-- DATA SHOWN follows --

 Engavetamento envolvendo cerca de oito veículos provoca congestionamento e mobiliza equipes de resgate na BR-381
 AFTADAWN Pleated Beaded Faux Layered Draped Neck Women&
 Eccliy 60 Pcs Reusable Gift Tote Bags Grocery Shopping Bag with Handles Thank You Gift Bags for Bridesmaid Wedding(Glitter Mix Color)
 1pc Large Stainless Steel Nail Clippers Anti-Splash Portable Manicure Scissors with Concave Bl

-- DATA SHOWN concluded --
-- DATA SHOWN follows --

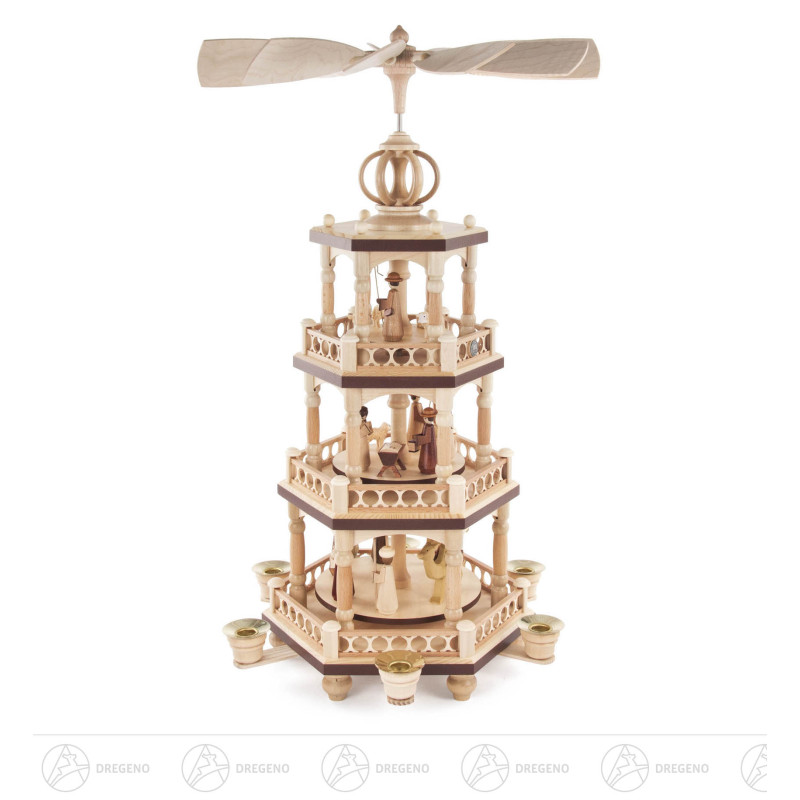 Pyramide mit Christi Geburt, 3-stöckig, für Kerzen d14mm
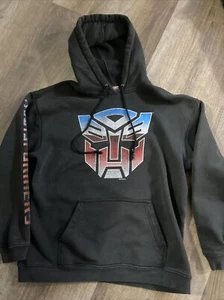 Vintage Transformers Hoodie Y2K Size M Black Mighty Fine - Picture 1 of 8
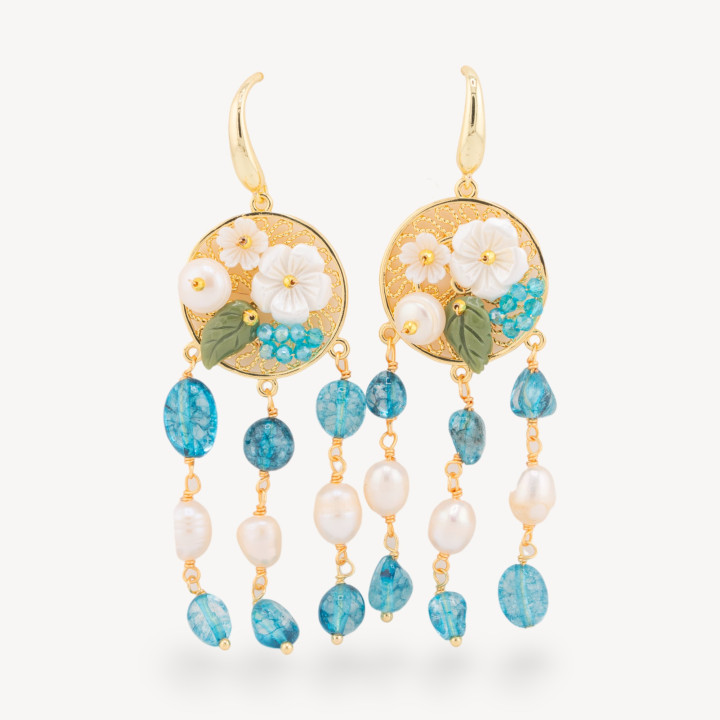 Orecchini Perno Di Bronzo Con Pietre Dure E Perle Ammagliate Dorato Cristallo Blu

-- DATA SHOWN concluded --
-- DATA SHOWN follows --

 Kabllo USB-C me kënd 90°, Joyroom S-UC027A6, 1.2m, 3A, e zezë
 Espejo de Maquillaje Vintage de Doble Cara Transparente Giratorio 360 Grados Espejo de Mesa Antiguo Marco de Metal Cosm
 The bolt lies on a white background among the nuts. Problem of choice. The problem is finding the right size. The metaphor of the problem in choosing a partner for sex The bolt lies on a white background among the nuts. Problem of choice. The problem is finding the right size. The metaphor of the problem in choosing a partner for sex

-- DATA SHOWN concluded --

EXERCISE BRIEF. From the data above, return every line from the line that has "Espejo de Maquillaje" up to and including the line that has "for sex The", exactly.

OUTPUT OF THE EXERCISE.
 Espejo de Maquillaje Vintage de Doble Cara Transparente Giratorio 360 Grados Espejo de Mesa Antiguo Marco de Metal Cosm
 The bolt lies on a white background among the nuts. Problem of choice. The problem is finding the right size. The metaphor of the problem in choosing a partner for sex The bolt lies on a white background among the nuts. Problem of choice. The problem is finding the right size. The metaphor of the problem in choosing a partner for sex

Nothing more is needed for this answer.